Give back the entries exactly as they read, leaving each image out.

Records from a data collection
═══
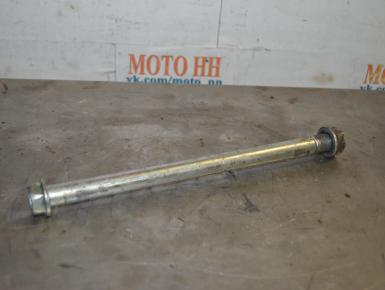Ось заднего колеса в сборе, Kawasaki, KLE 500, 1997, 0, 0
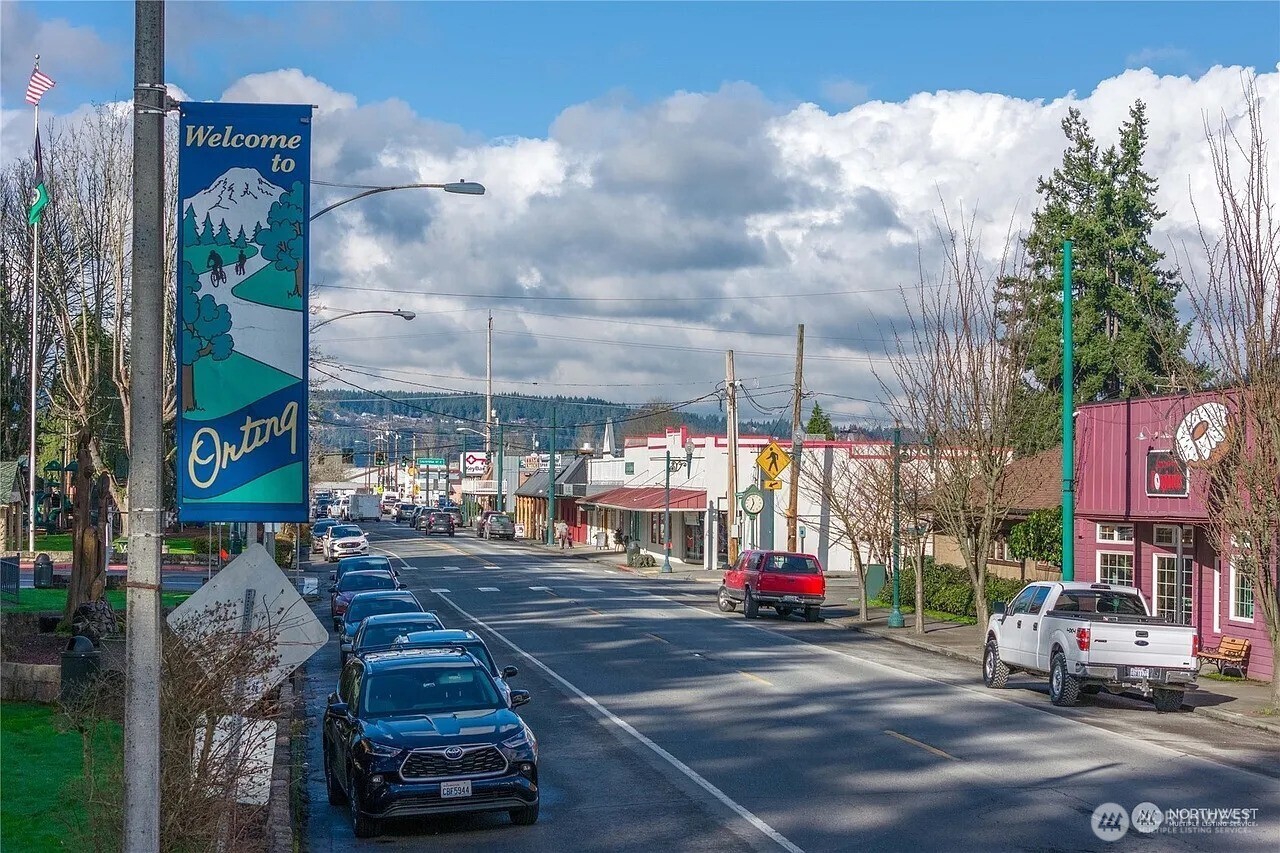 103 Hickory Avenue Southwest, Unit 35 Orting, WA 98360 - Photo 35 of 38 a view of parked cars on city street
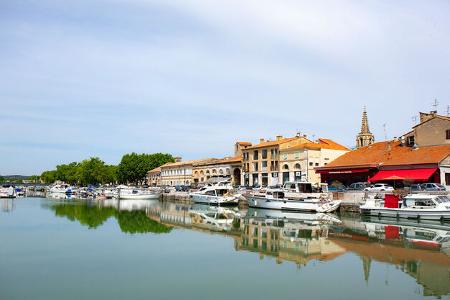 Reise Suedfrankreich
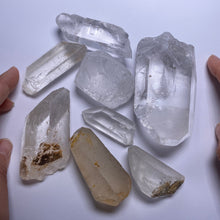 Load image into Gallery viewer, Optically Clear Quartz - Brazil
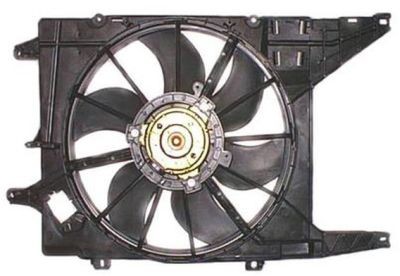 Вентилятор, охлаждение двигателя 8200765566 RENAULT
═══
OUTPUT FOR THIS TASK ::
Ось заднего колеса в сборе, Kawasaki, KLE 500, 1997, 0, 0
 103 Hickory Avenue Southwest, Unit 35 Orting, WA 98360 - Photo 35 of 38 a view of parked cars on city street
 Reise Suedfrankreich
 Load image into Gallery viewer, Optically Clear Quartz - Brazil
 Вентилятор, охлаждение двигателя 8200765566 RENAULT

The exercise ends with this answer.